Saturday, February 23, 2013

The Orthodox Church and Summorum Pontificum

Similarly, it must not be forgotten that from the beginning the Churches of the East have had a treasury from which the Western Church has drawn extensively in liturgical practice, spiritual tradition, and law. - Unitatis Redintegratio

A number of critics have argued that Benedict XVI's motu proprio Summorum Pontificum has created obstacles, as far as ecumenism is concerned. Is this true? Is the Tridentine Mass such a stumbling block? 

In the opinion of Cardinal Burke:  

"I wouldn't think that the Holy Father would be doing this simply as a strategy, but I do think it will be an effect of a restoration or in the 'reform of the reform' of the liturgy. It seems to me for the Eastern rites, and for those of the Orthodox Churches, the reform of the liturgy after the council and the concrete expression is so stripped of the transcendent, of the sacral elements, it is difficult for them to recognize its relationship with their Eucharistic Liturgies. It would be easier for them to see the unity, the oneness in the Eucharistic Sacrifice, by a rite of the Mass, just limiting ourselves now to talking about the Holy Mass, that it was richer in those dimensions — the elements of the transcendent — the symbols of the transcendent element of Christ — Christ in action in the Mass — the unbloody renewal of the Sacrifice of Calvary". 

A few months before the promulgation of Summorum Pontificum, Eastern Orthodoxy's Patriarch Bartholomew I of Constantinople quoted the phrase lex orandi, lex credendi. This was on the occasion of Benedict XVI's visit to Istanbul in 2006. Bartholomew I argued that "in liturgy we are reminded of the need to reach unity in faith as well as in prayer".

An interesting episode occurred in the same period, when the French episcopate (with an open letter to Benedict XVI) urged the Pope not to issue Summorum Pontificum. Hearing this Bartholomew I of Constantinople supported the Pope, denounced the decay of Catholic liturgy and stressed that the Novus Ordo Missae had in fact hampered relations between the Western and the Eastern branches of Christianity.

The Orthodox in fact were disturbed not only by abuses in the post-Vatican II liturgy, but also by approved practices such as female altar servers, Mass 'facing the people' and Communion in the hand.
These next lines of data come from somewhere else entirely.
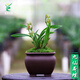 翁源蘭花九仙荷蝶矮種 行龍葉藝辦公桌面小盆栽四季開花濃香小型 九仙荷蝶3苗【當年開花】簡易盆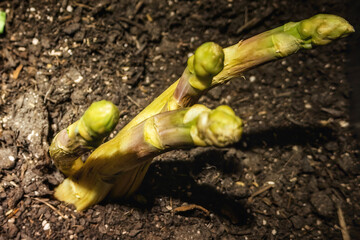 green asparagus on the field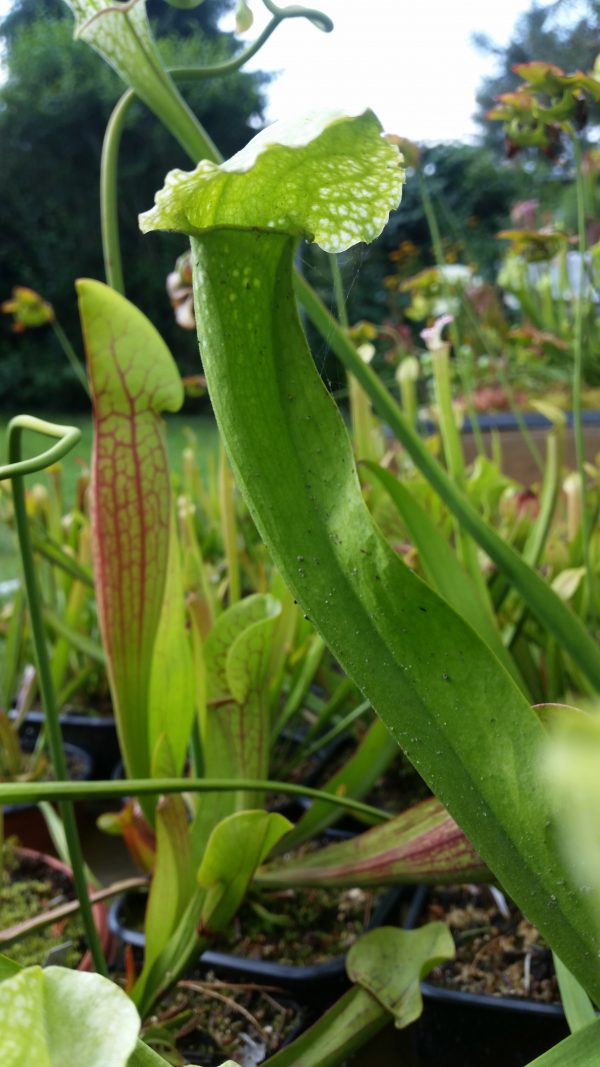 Sarracenia leucophylla anthocyanin free x courtii anthocyanin free – Bild 2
The Tridentine liturgy therefore bodes well ecumenically, because these problematic practices are simply not standard features of the Classical Roman rite. 

Bartholomew I later on declared that with Summorum Pontificum ​​a huge step forward in reconciliation had been made.

It appears therefore that the Pope's intention to make it easier for the laity to have Mass in the Extraordinary Form was also intended to help prepare the reunion of the two great divided branches of Christianity: Catholicism and Orthodoxy. The Orthodox interpreted Summorum Pontificum as evidence of a renewed seriousness in the Roman Catholic Church of lex orandi, lex credendi.

During the pontificate that is in its final days, Pope Benedict XVI tried ceaselessly to teach that the Catholic tradition has not been lost, that it remains to be discovered and lived. How this will all work out, under the soon-to-be-elected Pope, is yet to be seen.